But it has to do with, you know, this thing that I care about a lot, which is how technology and the Internet and things like that are changing the way we live our lives.
Getting the news is one thing that we do, but I think of that episode was a wonderful example of how things that have been happening in a certain way.
for decades are changing in radical ways.
So the point is not necessarily the specifics of what's happening to the news,
although that's also interesting,
but as a paradigm as an example for how technology is changing our lives.
Adrian Mayor, Mayor, I keep saying Mayor,
but she says her name is pronounced like the political official.
So Mayor, Adrian Mayer talked about gods and Roman and robots in ancient mythology,
which I had never heard of her or even the topic before she came to give a talk here in L.A.

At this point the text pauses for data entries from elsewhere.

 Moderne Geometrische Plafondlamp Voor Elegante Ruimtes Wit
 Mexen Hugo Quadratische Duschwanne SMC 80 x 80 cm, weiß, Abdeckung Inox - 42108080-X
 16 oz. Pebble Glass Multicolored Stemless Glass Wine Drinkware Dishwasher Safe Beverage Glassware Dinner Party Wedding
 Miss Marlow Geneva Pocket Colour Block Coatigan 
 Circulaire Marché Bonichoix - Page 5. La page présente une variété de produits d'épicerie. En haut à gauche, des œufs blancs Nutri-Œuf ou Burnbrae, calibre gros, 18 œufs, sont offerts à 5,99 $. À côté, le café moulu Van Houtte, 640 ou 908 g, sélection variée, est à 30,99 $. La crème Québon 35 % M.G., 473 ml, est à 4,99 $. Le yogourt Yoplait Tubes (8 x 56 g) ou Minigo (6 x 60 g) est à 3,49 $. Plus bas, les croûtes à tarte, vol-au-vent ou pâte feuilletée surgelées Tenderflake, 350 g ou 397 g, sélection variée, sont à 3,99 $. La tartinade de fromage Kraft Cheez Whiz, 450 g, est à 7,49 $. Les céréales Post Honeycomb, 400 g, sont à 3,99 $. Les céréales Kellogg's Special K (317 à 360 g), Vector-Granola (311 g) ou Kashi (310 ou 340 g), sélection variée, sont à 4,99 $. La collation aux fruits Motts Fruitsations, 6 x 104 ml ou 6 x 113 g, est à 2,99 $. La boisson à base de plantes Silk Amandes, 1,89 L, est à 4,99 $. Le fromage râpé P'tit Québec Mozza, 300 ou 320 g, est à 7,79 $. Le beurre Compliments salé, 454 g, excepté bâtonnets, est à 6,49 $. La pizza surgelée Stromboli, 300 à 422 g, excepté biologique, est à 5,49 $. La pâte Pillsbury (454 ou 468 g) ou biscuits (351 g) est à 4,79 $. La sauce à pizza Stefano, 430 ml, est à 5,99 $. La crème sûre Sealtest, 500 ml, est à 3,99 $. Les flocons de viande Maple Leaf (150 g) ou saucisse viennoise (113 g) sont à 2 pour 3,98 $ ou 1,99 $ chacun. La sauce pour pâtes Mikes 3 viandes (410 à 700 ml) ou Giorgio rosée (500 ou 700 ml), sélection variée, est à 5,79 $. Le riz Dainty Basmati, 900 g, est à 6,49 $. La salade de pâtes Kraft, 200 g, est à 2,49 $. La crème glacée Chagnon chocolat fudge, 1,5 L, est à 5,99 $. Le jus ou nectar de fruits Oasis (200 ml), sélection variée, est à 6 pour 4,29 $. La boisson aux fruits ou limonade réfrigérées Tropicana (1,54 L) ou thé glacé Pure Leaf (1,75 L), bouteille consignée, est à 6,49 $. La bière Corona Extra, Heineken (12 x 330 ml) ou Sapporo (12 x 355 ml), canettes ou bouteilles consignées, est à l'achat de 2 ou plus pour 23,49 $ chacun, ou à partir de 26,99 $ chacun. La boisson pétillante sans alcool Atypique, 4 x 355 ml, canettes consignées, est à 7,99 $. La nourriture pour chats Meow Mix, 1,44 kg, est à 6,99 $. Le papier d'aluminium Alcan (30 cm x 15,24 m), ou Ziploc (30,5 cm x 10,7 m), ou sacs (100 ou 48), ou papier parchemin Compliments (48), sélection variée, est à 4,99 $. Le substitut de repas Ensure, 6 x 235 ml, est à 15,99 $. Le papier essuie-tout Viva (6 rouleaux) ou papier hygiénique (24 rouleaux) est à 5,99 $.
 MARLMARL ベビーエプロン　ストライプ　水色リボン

and that was just fascinating, you know, to think about how people 2,000, 3,000 years ago
were thinking about technology and robots and things like that.
Also, back in the ancient world, Edward Watts talked about the end of the Roman Republic
and the lessons for democracy today.
We learned about the Grokey brothers, who on the one hand, you know, maybe you could argue
they were trying to be good guys, trying to, you know, make things better for the lesser
well-off in their culture.
but they did so in a way that kind of broke the rules,
and that breaking of the rules enabled other people to break the rules,
and that enabled the fall of the Roman Republic,
which is kind of a big deal.
As usual, lessons from history are not straightforward for our present day,
but they're definitely there.
The episode with Mark De Villiers on hell,
the nature of hell and where it came from
and how different traditions think about hell,
that was definitely one of my favorites.
I will even admit that.
That's something that I didn't really,
know how it's going to be going in, but just it's, you know, as someone who does not believe that
hell really exists, when you talk about hell and the stories behind it and how it came to be,
you're talking about human nature, right? You're talking about human beings and how they think,
how they conceptualize their place in the world. And even when they, that's not what they say
they're doing, they're revealing something very, very interesting and important about who they are.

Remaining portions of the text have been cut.